(Data records)

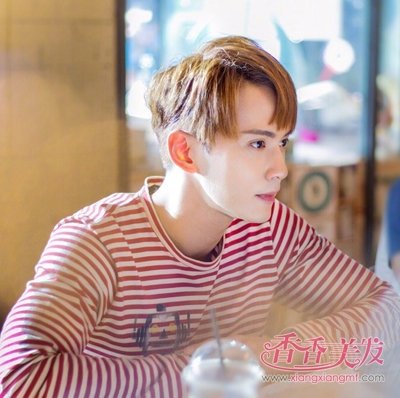 ����̫���� 2018�������������߶̷����������������С����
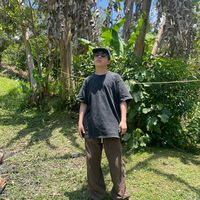 josph_rv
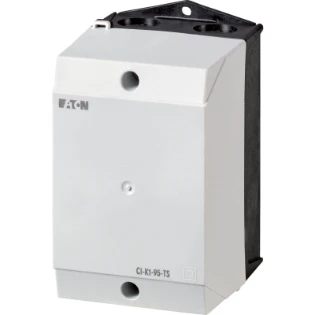 Eaton - Schakelaarkast leeg - CI-K1-95-TS 206881 6358093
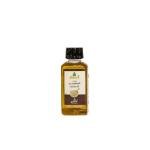 Sesame Oil 125ml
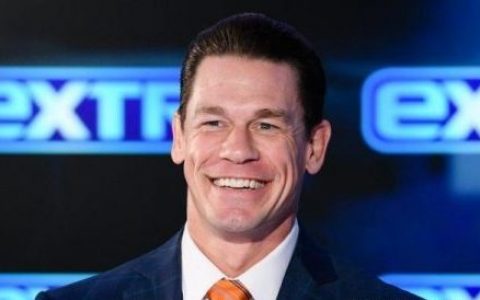 再见了，Cenation！约翰·塞纳退役之旅迎来伤感时刻，最终战非波士顿主场？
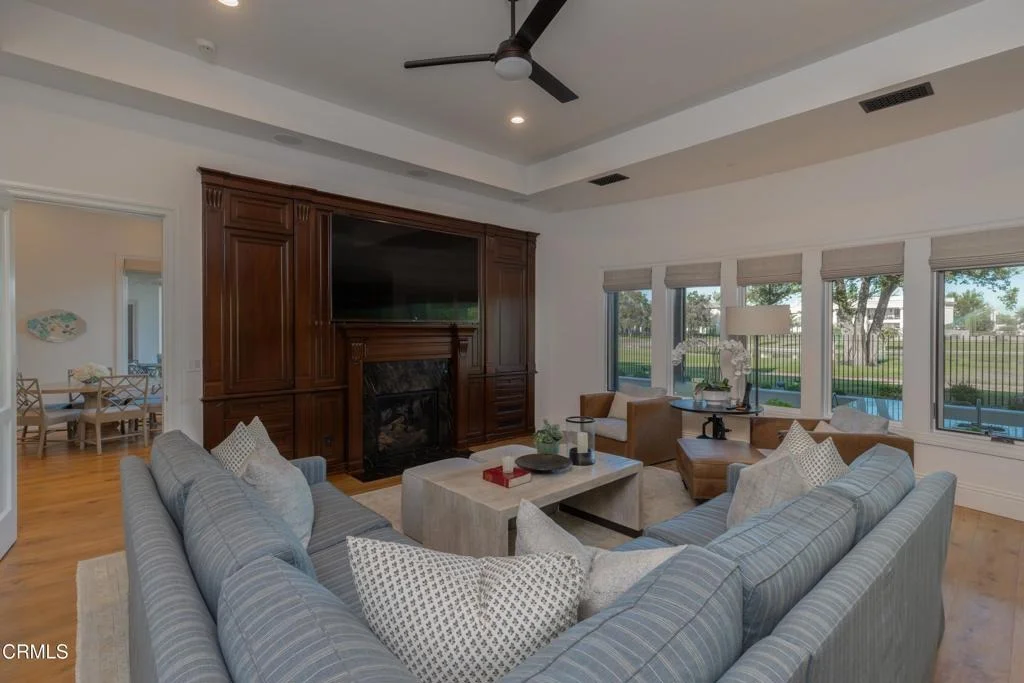 Photo of 2602 Brighton Park Drive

(End Data records)

> _Your objective_:
Could you repeat word for word only the lines from the one that contains "再见了，Cenation！约翰·塞纳退役之旅迎来伤感时刻，最终战非波士顿主场？" through the end of the listing, leaving out the pictures?

> _Your response_:
 再见了，Cenation！约翰·塞纳退役之旅迎来伤感时刻，最终战非波士顿主场？
 Photo of 2602 Brighton Park Drive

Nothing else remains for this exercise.